It makes sense, then, that the cover of King Cardinal’s stellar debut album, Great Lakes, depicts a man catapulting himself headlong into the unknown, trading safety and security for adventure and excitement as he leaps over a protective railing. If the record is any indication, Mackey’s own bold leaps have paid off in spades. Pushing raw roots rock into lush, sonically daring territory with hints of cosmic country and delicate folk, Great Lakes showcases the five-piece group’s exceptional musicianship and the powerful emotional depth of the vocal interplay between Mackey and fellow singer Texanna Dennie.
“This was the first opportunity we had to sit with songs as a group before any recording happened,” reflects Mackey, “so everybody in the band was able to imprint their own personality. The song ‘Chicago,’ for instance, got totally reimagined when our drummer, Scout Roush, put a new beat behind it, and ‘Seventeen’ morphed into this grooving, upbeat track when Andrew Porter came up with his bass line. It’s nice to have other people that can guide your songs in directions you’d never imagined.”
When it came time to record Great Lakes, Mackey took yet another leap of faith and sent the band’s music to GRAMMY-winning producer and engineer Ted Young (Israel Nash, Banditos). Young fell for the songs immediately and invited King Cardinal down to Texas to record at the famed Sonic Ranch studio, which has played host to everyone from Conor Oberst and Karen O to the Black Angels and Beach House. Where King Cardinal’s previous, homemade EPs took roughly a year each to track and mix, Great Lakes was recorded in a brisk seven days. Consisting primarily of live performances captured without embellishment or ornamentation, the album is direct, raw, and loose, with a palpable sense of camaraderie and musical kinship.
“There’s something special about having four or five people in a room all totally focused on one single creative goal,” says pedal steel player Ben Waligoske. “Most of my favorite albums were recorded that way, and that’s the way Ted likes to work, too.
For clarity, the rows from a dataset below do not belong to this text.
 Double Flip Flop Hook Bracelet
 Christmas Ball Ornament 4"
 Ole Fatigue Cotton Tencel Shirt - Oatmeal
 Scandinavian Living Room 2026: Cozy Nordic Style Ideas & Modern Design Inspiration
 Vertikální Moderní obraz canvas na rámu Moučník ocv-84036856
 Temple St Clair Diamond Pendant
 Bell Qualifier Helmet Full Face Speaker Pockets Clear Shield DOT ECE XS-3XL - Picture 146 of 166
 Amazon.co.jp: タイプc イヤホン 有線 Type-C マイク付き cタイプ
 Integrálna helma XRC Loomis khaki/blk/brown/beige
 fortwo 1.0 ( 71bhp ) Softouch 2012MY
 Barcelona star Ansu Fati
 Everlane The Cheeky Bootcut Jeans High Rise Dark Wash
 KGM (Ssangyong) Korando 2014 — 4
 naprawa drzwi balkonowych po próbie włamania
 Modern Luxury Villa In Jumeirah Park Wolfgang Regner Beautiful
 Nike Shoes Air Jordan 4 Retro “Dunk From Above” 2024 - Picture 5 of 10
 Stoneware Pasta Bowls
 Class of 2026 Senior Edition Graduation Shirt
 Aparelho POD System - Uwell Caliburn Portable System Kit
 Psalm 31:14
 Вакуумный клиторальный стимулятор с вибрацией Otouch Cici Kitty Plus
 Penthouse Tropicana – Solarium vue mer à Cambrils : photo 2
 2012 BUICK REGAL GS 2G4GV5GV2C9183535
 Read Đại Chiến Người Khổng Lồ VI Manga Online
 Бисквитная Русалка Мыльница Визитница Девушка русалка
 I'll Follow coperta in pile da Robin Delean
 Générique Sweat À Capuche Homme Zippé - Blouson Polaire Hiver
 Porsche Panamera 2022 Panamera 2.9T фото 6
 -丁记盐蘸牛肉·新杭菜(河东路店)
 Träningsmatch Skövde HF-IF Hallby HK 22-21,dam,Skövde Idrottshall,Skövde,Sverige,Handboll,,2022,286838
I think that’s part of what makes the record so exciting.”
The album opens with “Holy,” a gently hypnotic, fingerpicked tune which finds Mackey alternating between his deeply soulful singing voice and a falsetto that calls to mind Bon Iver’s Justin Vernon. “What you want / Ain’t really what you need,” he sings at the song’s conclusion, succinctly capturing one of the record’s central themes. On the twangy “Seventeen,” Mackey looks back on the rudderless years between childhood and adulthood with both nostalgia and unease, while “Gasoline” finds him asking “Where you going, Who you gonna be?” over swirling pedal steel, and “Trouble” intentionally courts heartbreak and disaster in a quest for meaning and independence.
As the album progresses, though, Mackey finds that the grass isn’t always greener, that there are limits to the kind of trouble we ought to seek. The narrator of “Better” struggles with his vices, as Mackey sings, “What seems like fun in the daytime / At night it’s just a shame,” while “Boulder" recollects a party that goes downhill fast, and “Standing Down” captures the poignant pain of a breakup.
Hailed by Marquee Magazine for their "excellently crafted Americana" and Westword for their "raw, gut-wrenching emotion," Denver's King Cardinal push raw roots rock into lush, sonically daring territory with hints of cosmic country and delicate folk. Building off the success of two acclaimed EPs as well as dates with Ben Sollee, Sam Outlaw, and Darlingside (in addition to a performance at the iconic Telluride Bluegrass Festival), the band is eager to release their first proper record, Great Lakes.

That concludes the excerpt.